Algunos alcanzan cierta notoriedad, como aquel señor mayor, alto, canoso, pulcro y bigotudo que cantaba arias de ópera italiana y que falleció hace unos meses. A veces le había visto desde mi banco de turno, cantando a Verdi y Puccini con gran entrega y todo lujo de aspavientos, aunque su coso preferido era el apeadero de RENFE en el paseo de Gràcia. Los periódicos locales informaron de que se había ido con la música a otra parte, aunque no hubo ningún intento serio de explicar su estado mental. También Violeta la Burra, aunque lo suyo era la copla, alcanzó cierto reconocimiento en la Barcelona alternativa de la transición, donde formó parte de la banda de Nazario y Ocaña y protagonizó algunas performances anales -le cabía de todo- en tugurios de la época. Pese a que Dios le había concedido un físico de descargador del muelle, él intuía que ahí dentro había una muchacha preciosa pugnando por salir, pero aunque sus habilidades artísticas le habrían hecho acreedor a estar expuesto a perpetuidad en el MACBA, lo cierto es que se fue difuminando con el paso del tiempo y ahora sobrevive vendiendo flores de noche por los bares del Eixample, mientras la hermosa muchacha parece haber sido deglutida hasta el último huesecillo por el estibador.

¿AMOR ROMÁNTICO O SEXUAL?

Otros fantasmas no tienen ni seudónimo, y algunos resultan un pelín siniestros. Pienso en ese magrebí con cara de duende malévolo con el que llevo cruzándome treinta años y al que siempre pillo entablando conversación con turistas y señores mayores. Nunca he conseguido averiguar qué se trae entre manos ni en qué consiste su timo, pero cada vez que lo veo experimento un molesto escalofrío. Lo mismo me pasaba hace años con una señora de origen germánico que patrullaba el barrio pulcramente vestida y con los labios muy rojos. Decía ser poetisa y se ofrecía a recitarte un poema de amor. ¿El señor lo prefiere de amor romántico o de amor sexual?, preguntaba clavando en ti sus ojos de loca. Sonreía mucho y aparentaba una gran dulzura, pero en cuanto le decías que no, gracias, y seguías tu camino, mutaba en una hidra vengativa que te maldecía en español y en alemán, idioma este que no entendías, pero te aterrorizaba de manera especial. Como todos los de su estilo, un buen día desapareció y no ha vuelto a ser vista.

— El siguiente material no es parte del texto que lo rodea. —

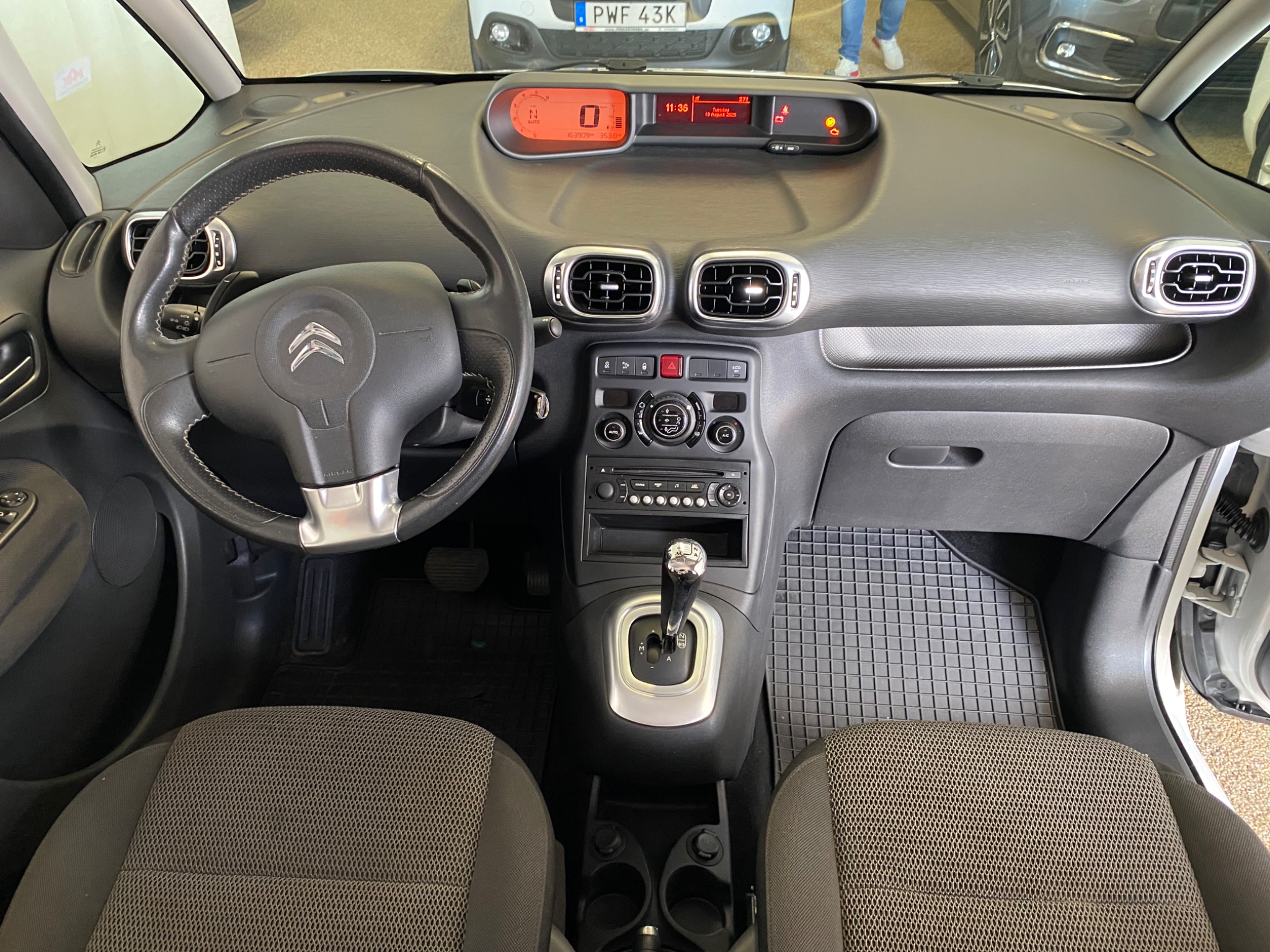 Citroen C3 Picasso 2014, bild 5/38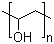 structure of CAS# 9002-89-5, Poly(vinyl alcohol)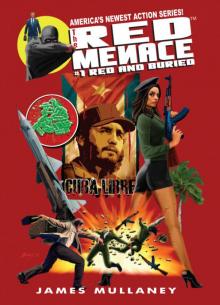 The Red Menace #1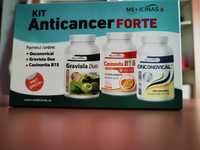 Kit Supliment alimentar Anticancer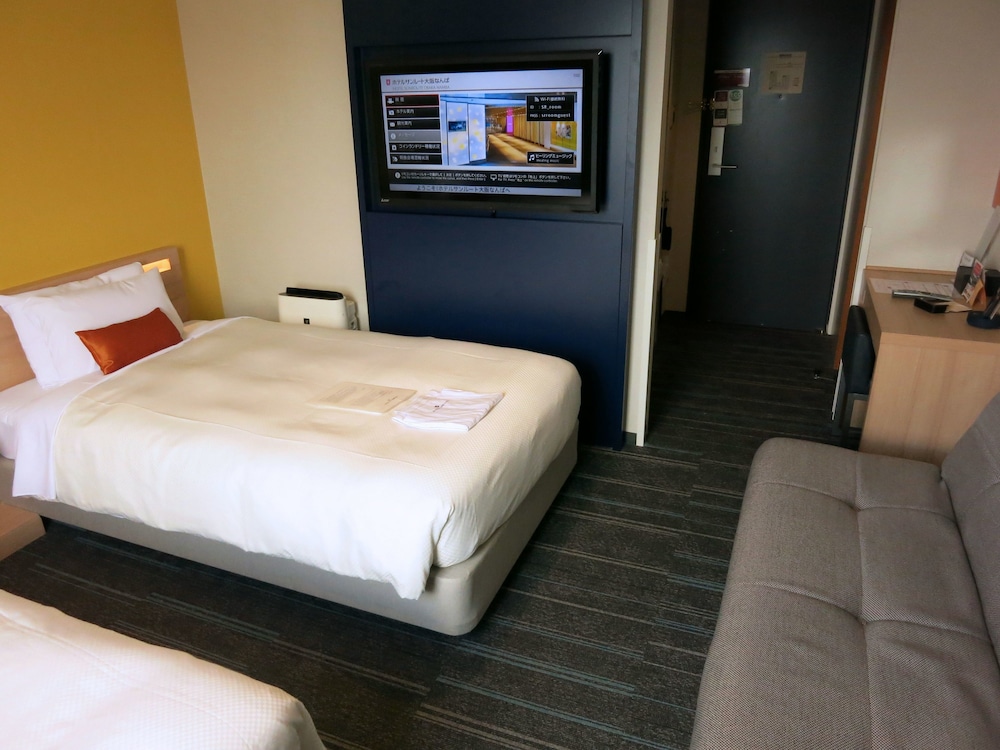 Sotetsu Grand Fresa Osaka-Namba (Ex. Hotel Sunroute Osaka Namba) 20/49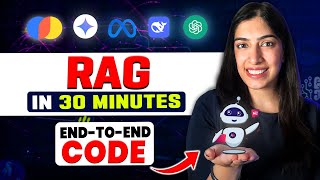 Download the video "Simplest RAG Explanation with Working Code! Beginner Friendly Step-by-Step Example"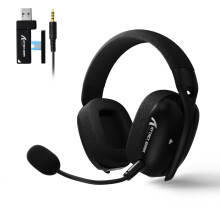 ATTACK SHARK L80 Pro Headset Black Noise Mic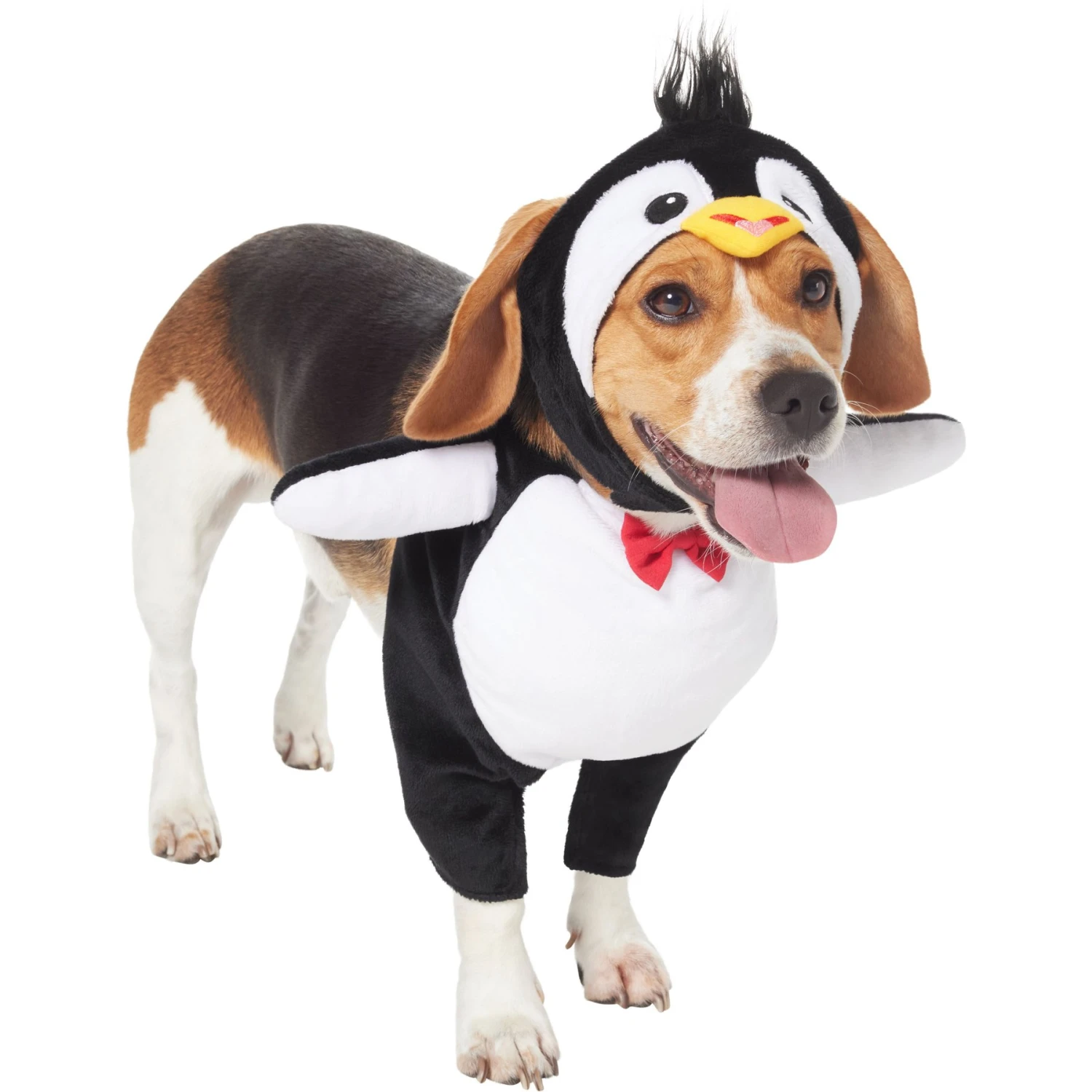 Frisco Front Walking Penguin Dog & Cat Costume 4 Frisco Front Walking Penguin Dog & Cat Costume - Image 4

Lo mismo ocurrió con los Gemelos, en los que se inspiró el dibujante Vallés para sus historietas de los Hermanos Aguirre, dos merluzos que vagaban sin rumbo por la ciudad, siempre provistos de walkie talkies, aunque no se separaban mucho el uno del otro, y cuyas hazañas consistían, por ejemplo, en que mientras un hermano distraía a un quiosquero de la Rambla, el otro le guindaba una revista pornográfica y se la pelaba detrás de un árbol. Cosas que nunca hicieron los auténticos Aguirre, cuyo apellido sigo ignorando a día de hoy.

CLIC FATAL

Los Gemelos iban por la sesentena y recorrían el Eixample como si los acabaran de soltar de una nave espacial. Vestidos igual, con trajes de color claro, como si una madre centenaria siguiera eligiéndoles la ropa cada mañana, caminaban siempre a gran velocidad hacia ninguna parte, mirando a un lado y a otro con una expresión de estupor absoluto. No molestaban a nadie, solo iban de aquí para allá como si les hubiesen dado cuerda. A veces dejabas de verlos -¿breve estancia en algún sanatorio?-, pero siempre volvían. En una ocasión, solo reapareció uno de ellos, que siguió haciendo lo mismo de siempre, pero más perdido aún, más desaliñado y más triste sin su alter ego. También este acabó desapareciendo.

Puede que también yo algún día me convierta en un fantasma del barrio, una vez el cerebro me haya hecho ese clic fatal que previamente afectó a otros. Por eso, si dentro de veinte años se cruzan ustedes por el Eixample con un anciano que habla solo o canta a grito pelado Heroes, de David Bowie, sobre esos sintetizadores de Brian Eno que solo suenan en su mente, tengan paciencia conmigo: como mis predecesores, también yo desapareceré un buen día.